Twenty Centuries. Twenty-Four Timezones. Two Hemispheres. One Church.
Nov. 2, 2023

Taking Death Seriously

Taking Death Seriously

I’m recording and releasing this a few hours before our parish celebrates the mass of All Souls Day. It’s part of a three-day focus on death and the dead: All Saints Eve on October 31 (or Halloween), the solemnity mass of All Saints Day on November 1, and All Souls Day on November 2. All Saints celebrates those who have died and gone to heaven, where they worship and fellowship in the Presence of the Holy Trinity, and on All Souls, we pray for those who have died in faith, but who have not progressed to heaven. They are, in the words of the Book of Revelation, washing their robes so they may enter the New Jerusalem, doing penance in purgatory.

But today I’m reflecting on something a bit wider: how Catholicism takes death seriously. How it offers a coherent understanding of what death is, and what happens to people when they die. And sound, biblical practices to accompany us through life in anticipation of death, when we die, and for those left behind.

I think Catholicism takes death seriously. Like a grown-up religion should. Which we ought to do, because what’s more inevitable and serious than death?

But we live in a culture that doesn’t take it seriously. There is no coherent understanding of death in America, Canada, and Western Europe. What happens when we die? How should we approach it? What should we do when someone dies? All of this has become individualized. When I was a Protestant Evangelical pastor, it was my responsibility, my privilege, to occasionally be with people as they were dying. Or to plan and officiate at funerals and memorial services. Or to counsel people who had lost a loved one. Or to simply answer questions like, “Where do people go when they die?”

But over the last 40 years, I’d say that it’s become impossible to have really coherent conversations about any of these because there are no consistent beliefs. Americans, Canadians, and Western Europeans each make up their own views on death, the afterlife, how to approach it, how to memorialize it, and what it all means. It seems that every conversation I have with someone consists of listening to them (which is never a bad thing! Always listen!) but listening to them explain or often invent on the fly, what they want to believe.

This person says it means nothing: when your time comes, the lights just go out. Another person says you become an angel in heaven or maybe you become the guardian angel for your loved ones. Someone else says you get absorbed into the universe and become part of the soul of nature. Someone else says now you get to fertilize the trees and reduce carbon load in the atmosphere. Someone says you go to be with your dead relatives. Someone else says you come back and are born as a baby to live another life. Most look puzzled and say they don’t really know, but they’ll just move into “the Light,” whatever that means.

But most think that it will be no big deal. It will all work out OK. Almost no one I meet thinks that they personally will go to hell. They think that really bad people, like Hitler, will go to hell. But not them. If they believe in some sort of God, they’re pretty sure that he/she/or it will agree that they did the best they could and give them a pass.

And because beliefs about death are so individualized, there’s no consistency in how we prepare for it.
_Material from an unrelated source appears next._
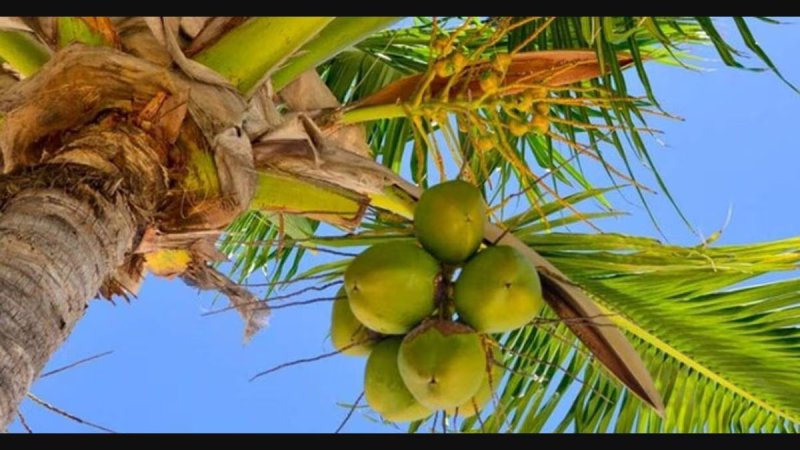 Two Daily Wage Women Killed as Coconut Tree Uproots in Thiruvananthapuram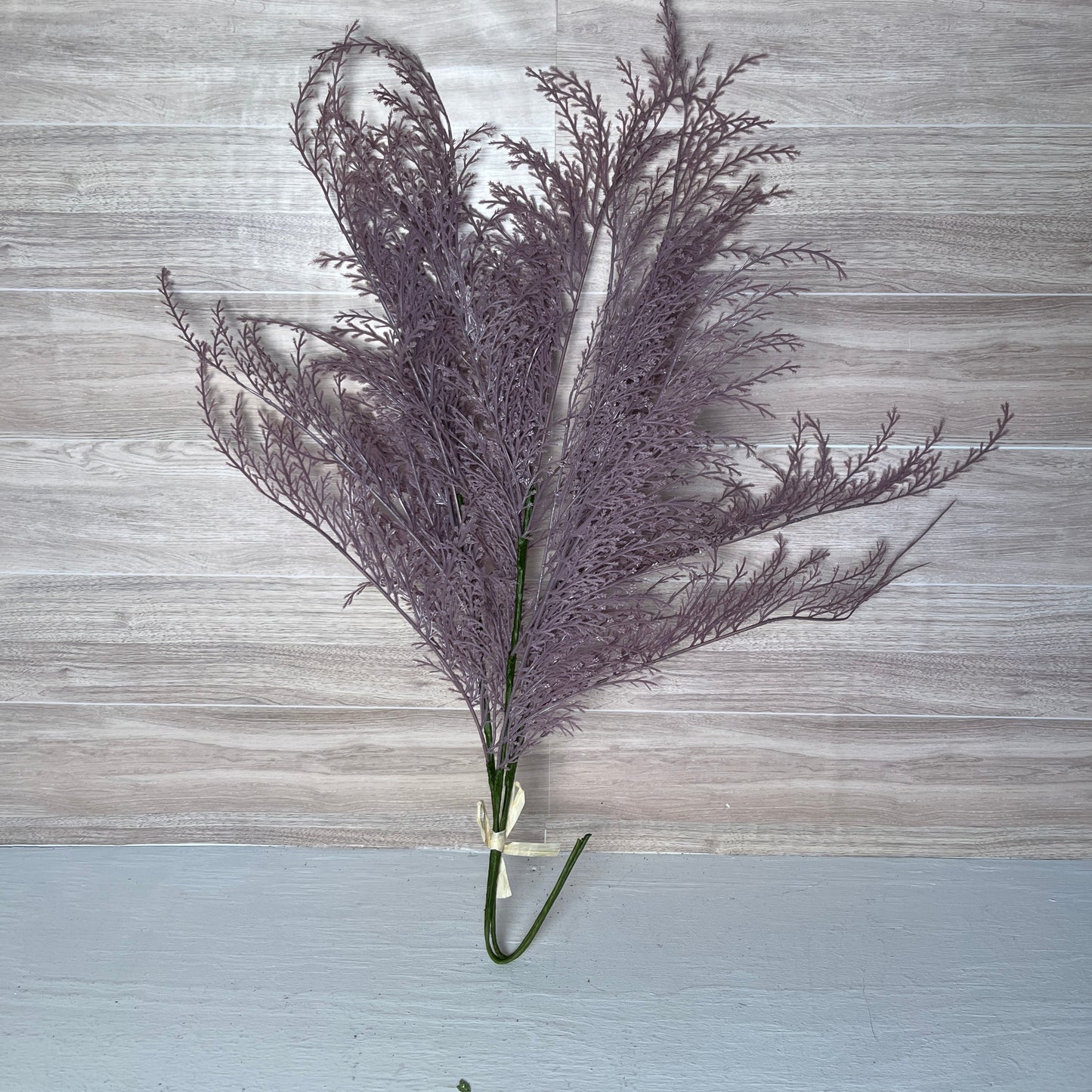 Phoenix Tail Fern (3) - Purple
How should we live, knowing that we’re going to die? Catholicism offers this ancient principle: “memento mori,” Latin for “Remember your Death.” Remember that it is coming, and prepare.

And when the end draws near, there’s no consistency for how to meet it. I was recently in a hospice, and they did a great job of making people comfortable and letting them decide what they wanted at the end. You could pet a Golden Retriever, have someone play acoustic guitar, or have a prayer—any prayer, whatever you wanted to hear. Of course, I get that their mission is to serve a diverse population and let the individual decide, but it just reinforced my impression that our culture has nothing to offer you in the end except whatever you want.

And afterward someone passes, we make up our own rituals. You can have your remains sprinkled on a beach, on a mountain, on a roller coaster, put into the garden to make the plants grow, pressed into a synthetic diamond. Whatever.

And we don’t do a funeral anymore, we do memorial services or celebrations of life. Why look at death? We don’t know what to say about it. Better to look back at what we did than forward to where we’re going.

I’m comforted by Catholicism which has, I think, a serious and mature understanding of death. By commemorating the saints we celebrate those who have gone ahead of us. We pray for those souls who are completing their journey in Purgatory. The sacraments accompany us, from baptism at birth, the Eucharist through life, confession, and anointing at the time of death. Our funeral masses pray for the soul to find its rest in Christ. We take heaven and hell seriously.

So today, on the Feast of All Souls, I’m comforted to be a Catholic, to know that my faith, my Church, has solid answers and practical solutions to face the reality that I will, and all of us will die.